🤖 AI Summary
Existing streaming voice conversion (VC) systems suffer from high latency, reliance on automatic speech recognition (ASR) or speaker separation modules, and degradation in voice similarity and naturalness due to timbre leakage. To address these issues, this paper proposes an end-to-end low-latency streaming VC framework that eliminates explicit content–timbre disentanglement and external recognition modules.

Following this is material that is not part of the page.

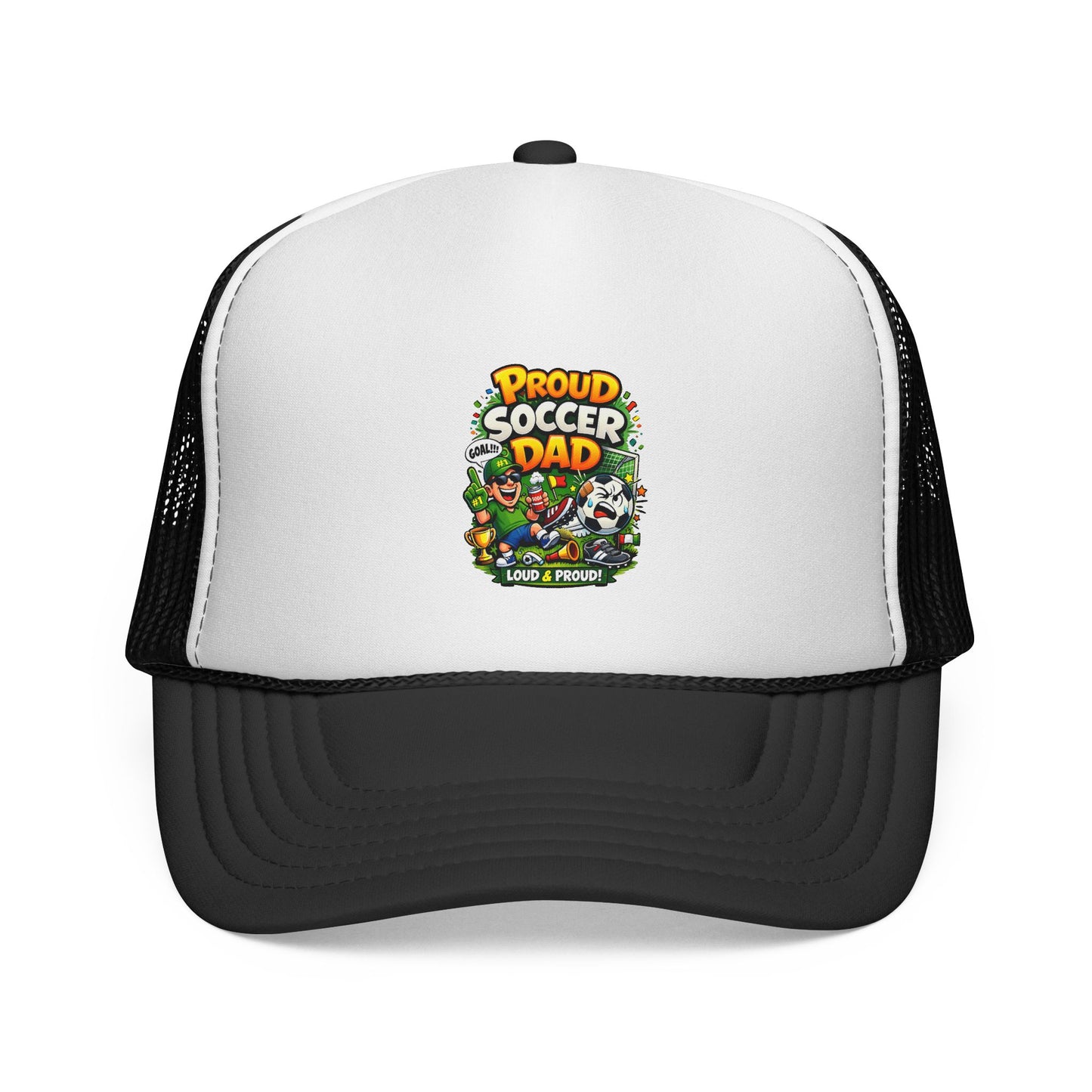 Proud Soccer Dad Trucker Cap — Sporty Mesh Baseball Hat for Game Day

Instead, it leverages a pre-trained zero-shot VC model to synthesize high-fidelity parallel data for direct timbre mapping. Built upon a neural audio codec architecture, the framework enables fully end-to-end streaming training and inference. Experiments demonstrate an end-to-end latency of only 77.1 ms, while achieving statistically significant improvements in both naturalness (MOS) and speaker similarity (SIM) over state-of-the-art streaming VC methods. This work establishes a new paradigm for real-time VC—efficient, robust, and free of auxiliary ASR components.
📝 Abstract
Voice Conversion (VC) aims to modify a speaker's timbre while preserving linguistic content. While recent VC models achieve strong performance, most struggle in real-time streaming scenarios due to high latency, dependence on ASR modules, or complex speaker disentanglement, which often results in timbre leakage or degraded naturalness. We present SynthVC, a streaming end-to-end VC framework that directly learns speaker timbre transformation from synthetic parallel data generated by a pre-trained zero-shot VC model. This design eliminates the need for explicit content-speaker separation or recognition modules. Built upon a neural audio codec architecture, SynthVC supports low-latency streaming inference with high output fidelity. Experimental results show that SynthVC outperforms baseline streaming VC systems in both naturalness and speaker similarity, achieving an end-to-end latency of just 77.1 ms.